_Task prompt_: Restate, exactly as written, the entries below from the line that holds "Majatalo Tt Anjos Lisbon Rooms" through the line that holds "Castle Combe-Grafschaft Wiltshire.". Pictures are not part of the copy.

_Input_:
▼▼▼

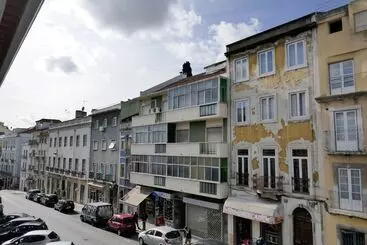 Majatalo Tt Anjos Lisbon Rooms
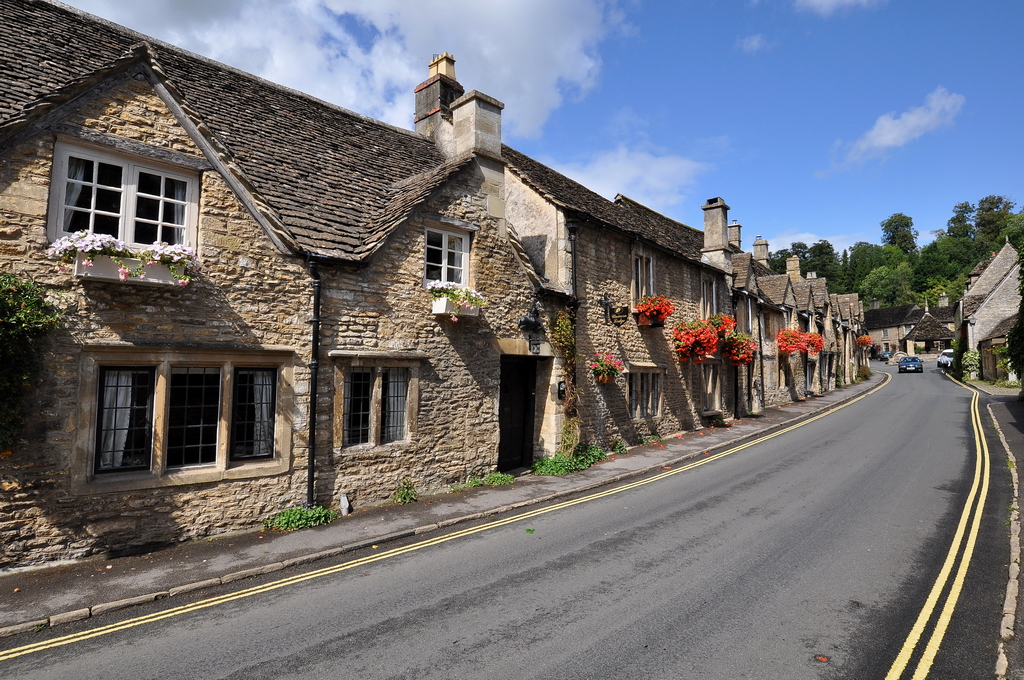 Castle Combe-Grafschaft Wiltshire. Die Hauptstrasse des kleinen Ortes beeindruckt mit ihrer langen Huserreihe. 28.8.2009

▲▲▲
▼▼▼

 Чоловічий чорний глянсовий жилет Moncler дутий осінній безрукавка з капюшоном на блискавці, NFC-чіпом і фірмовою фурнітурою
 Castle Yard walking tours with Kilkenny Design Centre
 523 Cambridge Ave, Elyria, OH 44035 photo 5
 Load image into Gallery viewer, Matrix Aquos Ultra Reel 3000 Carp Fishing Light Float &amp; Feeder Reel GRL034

▲▲▲

_Answer to the problem_:
 Majatalo Tt Anjos Lisbon Rooms
 Castle Combe-Grafschaft Wiltshire. Die Hauptstrasse des kleinen Ortes beeindruckt mit ihrer langen Huserreihe. 28.8.2009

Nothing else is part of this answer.